Repeat the data in full. Drop every picture.
[PROVIDED DATA — start]
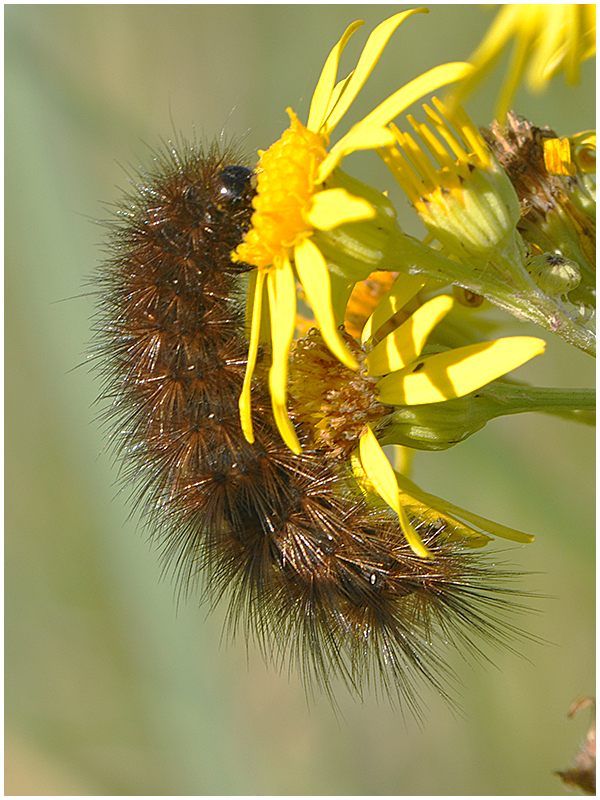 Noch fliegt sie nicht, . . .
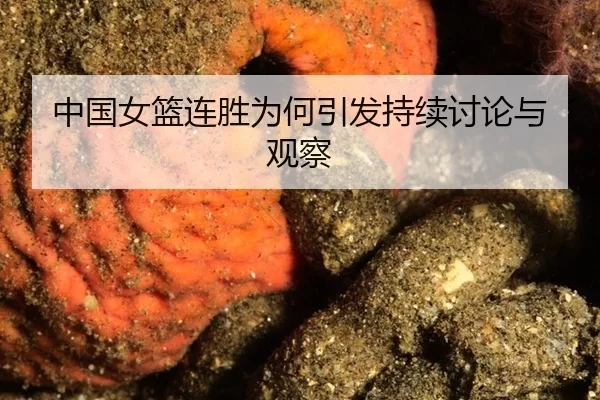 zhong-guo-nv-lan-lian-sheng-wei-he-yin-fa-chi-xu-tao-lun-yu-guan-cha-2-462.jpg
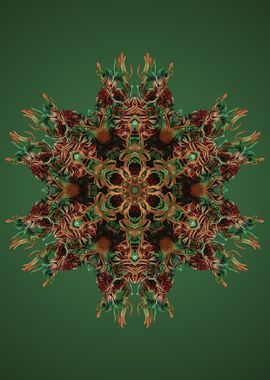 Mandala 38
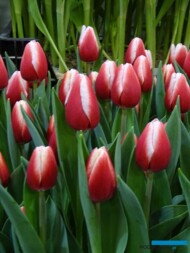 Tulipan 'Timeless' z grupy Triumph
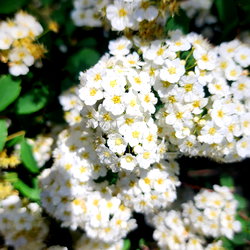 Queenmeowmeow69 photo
[PROVIDED DATA — finish]
§ **TASK OUTPUT**
 Noch fliegt sie nicht, . . .
 zhong-guo-nv-lan-lian-sheng-wei-he-yin-fa-chi-xu-tao-lun-yu-guan-cha-2-462.jpg
 Mandala 38
 Tulipan 'Timeless' z grupy Triumph
 Queenmeowmeow69 photo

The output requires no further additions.